At this point my thoughts are, if I don’t get the job, have a talk with my family/friends about what I plan to do in the next 6 months. If I do get the job, then I have to give the shocking news as is.
I am supposed to hear something on Monday, and I don’t. The guy is not in, and also, SF is 3 hours behind, so I feel like the wait is extra long. Im checking my phone and email every .32 seconds in anticipation. Then I get the news late Tuesday night, I got the job!
I immediately call my parents, convo goes like this.
Me: mom, hey I gotta tell yall some good news, put me one speaker phone
Mom dad: ok what is it !?
Me: When I went to SF last week, it wasn’t for work, it was for an interview, and I got the job!
Mom: Hows that good news!??!
Dad: ….
It took them 5, 10 mins to take it in, then it turned to we are proud of you. At this point I understood my shocking message had a stronger affect than I knew. Emily told her parents we were moving and they were nothing but excited.

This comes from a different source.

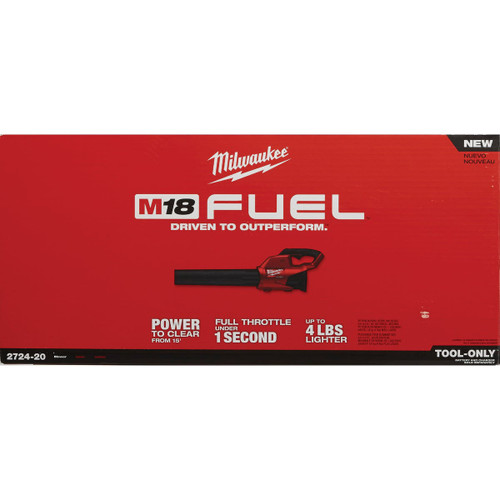 M18 FUEL BLOWER (BARE TOOL) 3017-20  MILWAUKEE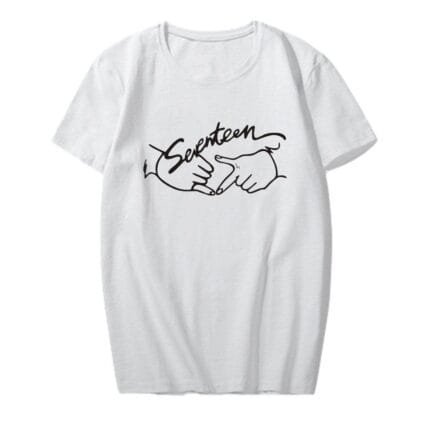 Kpop-Boys-T-Shirt-Men-Women-Concert-Letters-Tee-Casual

But once again, different experiences, different views.
Next morning, I let the rest of my world know. Reactions varied from WOW, that’s amazing, to how you gonna just leave like that? I attempted to explain to people, why, and I realized I can’t. People that don’t understand, won’t understand, because they look at life different.
As I said, a year ago, I felt the same way, so I realized I had to dig deeper to figure out how I would explain this to Elliott of last year. And no matter how I would have explained it, it wouldn’t make sense to him.
Life as I see it is about experiencing different things. Family and friends are extremely important, however I don’t think living close to someone makes you more of a friend, or shows love more than being away. If anything, you take for granted that relationship. How many times do you hug the people you see everyday, or every weekend. You eventually fall into a zone where you just expect them to be there, and stop learning about them. People that I don’t see but 3 -4 times a year, are just a strong of friends as people I see everyday. Why is that, I don’t know. The internet probably helps.
I have always wanted to live in a city. I have always wanted to work in a city. In a week me and Emily will be driving across country, so that I can do both.
Thursday, March 1, 2007
Dunkin Doe Nuts
I walk into dunkin donuts for a quick bagel. Thats all i want or need. I say, "Cinnamon Rasin bagel, toasted" He says, "Coffee?" I say no thanks, he say, "Are you sure???" As if I didnt know that i really DID want coffee deep down inside, but i realize they just wanted a bigger sale, I simply said, yes im sure, no coffee.
Then he makes the bagel, another lady comes up. "One Bagel? No Coffee???", "I say no just the bagel" She says. . . "Thats noooo gooood", At this point i say to myself, Should I take road A or road B? Road A is a simple humoring ploy. Something like, "hehehe, maybe tomorrow hehe" While Road B is like "If anyone else in this place ask me if i want coffee again, matter fact if i even HEAR the word coffee, no no, matter of fact Turn off all the coffee pots RIGHT NOW, before i come back there! NOBODY WILL HAVE COFFEE TODAY!"